Summary, Analysis, and Original Text by Chapter

Chapter 10: The Wandering Rocks

This episode begins at 2:55 p.m. and ends at 4:00 p.m. It describes the wanderings of several characters from Ulysses around the streets of Dublin, and thus it forms a mini-odyssey, a microcosm of Joyce's novel. The chapter consists of 19 short episodes which mirror the overall 18-part structure of Ulysses (early critics usually described "The Wandering Rocks" as consisting of 18 parts and a final coda, the description of the viceregal cavalcade). Coming as it does after the first nine sections of Ulysses (traditionally accepted to be the first "half" of the novel), "The Wandering Rocks" is a kind of interlude — much like the comic entrance of Buck Mulligan during Stephen Dedalus's discussion of Shakespeare in "Scylla and Charybdis" — before Joyce begins the second "half' of the novel.

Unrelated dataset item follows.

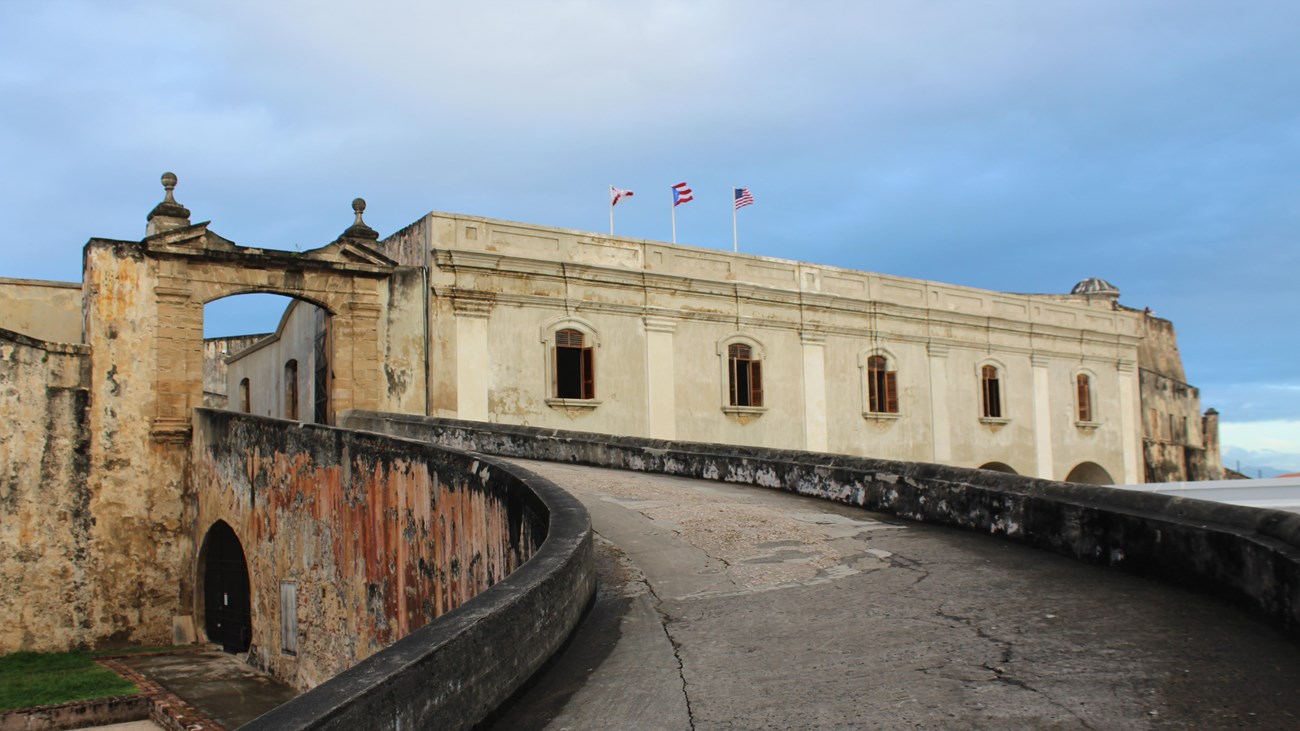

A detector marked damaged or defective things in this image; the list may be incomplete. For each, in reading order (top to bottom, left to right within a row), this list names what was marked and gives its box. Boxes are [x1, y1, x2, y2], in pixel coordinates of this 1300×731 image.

The chapter is almost perfectly balanced: the meanderings of Father Conmee, S. J., the amiable, patronizing former rector of Clongowes (who once saved Stephen from a painful punishment in A Portrait) begin the episode, and the cavalcade of the amiable, patronizing William Humble Ward, Second Earl of Dudley as he travels to open the Mirus Bazaar ends the chapter. The two men represent Ireland's bondage to two key foreign powers — the Roman Catholic Church and Britain — and all of the smaller odysseys in the episode are directly related to these two major structuring devices. Also, it is in the middle section (the tenth section) of "The Wandering Rocks" that Bloom rents Sweets of Sin for Molly. Finally, this near-central chapter of Ulysses is tied together by scores of motifs, gestures, thoughts, and cross-references. Joyce apparently wrote "The Wandering Rocks" with a map of Dublin before him, and modern Joyceans take great delight in timing the various wanderings of the participants, one critic going so far as to limp along the Dublin streets, miming the one-legged sailor; he discovered that Joyce was unusually accurate in his time sequences.

Parallels with Homer's Odyssey are especially clear in this chapter. In Homer, Circe told Odysseus that to return home he must sail either through the large, moving ("wandering") rocks or else he must pass between Scylla and Charybdis. Because only the mythological Jason of the Argonauts had succeeded in negotiating the rocks, Odysseus chose to battle Charybdis, the whirlpool, and Scylla, the six-headed monster.